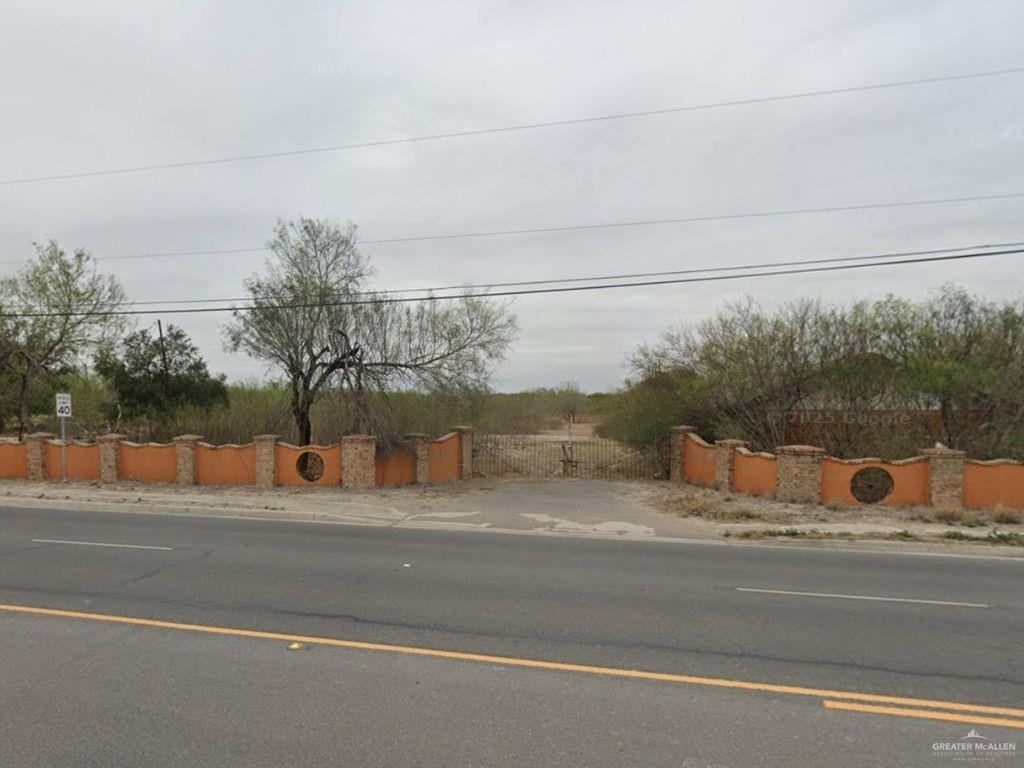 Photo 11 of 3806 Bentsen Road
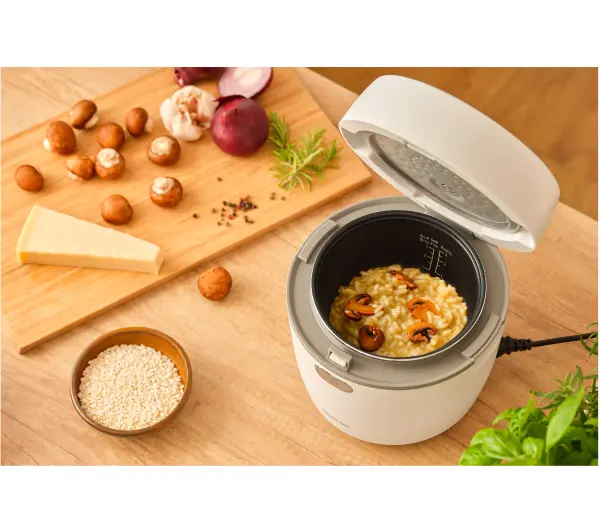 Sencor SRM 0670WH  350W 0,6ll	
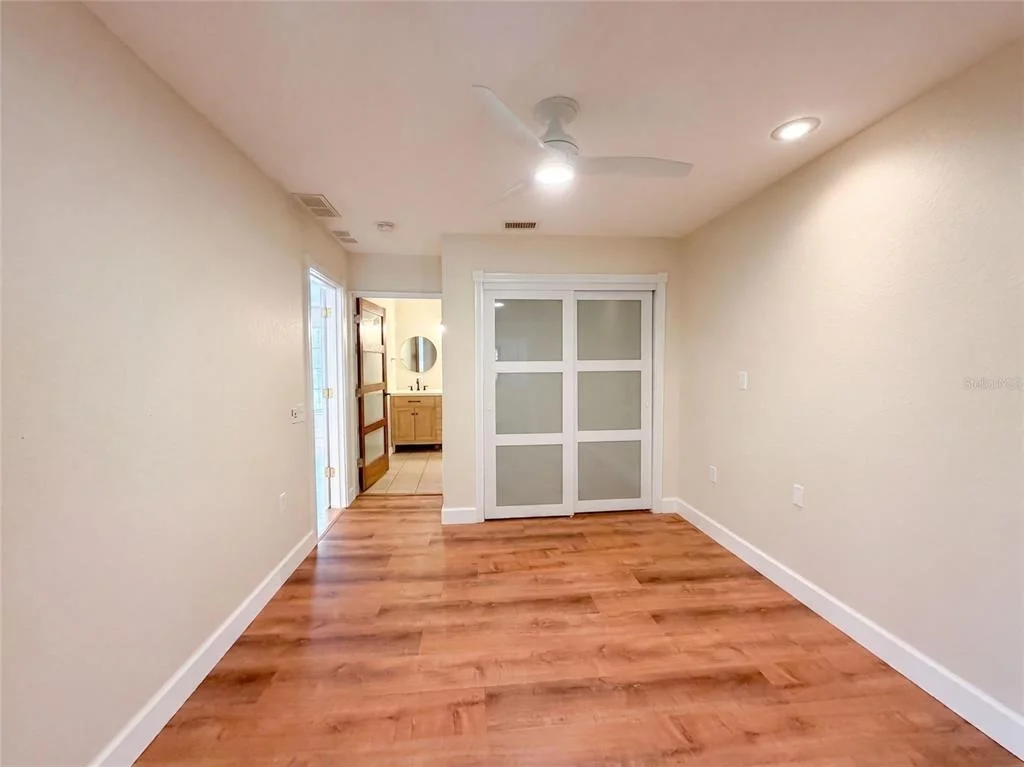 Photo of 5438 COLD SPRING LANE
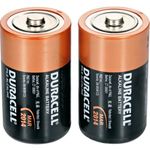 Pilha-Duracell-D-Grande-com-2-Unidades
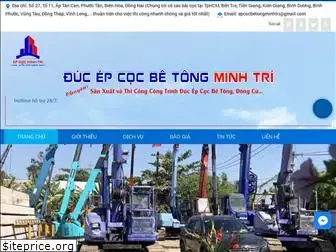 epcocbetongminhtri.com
□ □ □ □ □
With the pictures omitted, write out exactly the lines from the one that contains "Pilha-Duracell-D-Grande-com-2-Unidades" through the final line of the material above, both ends included.

 Pilha-Duracell-D-Grande-com-2-Unidades
 epcocbetongminhtri.com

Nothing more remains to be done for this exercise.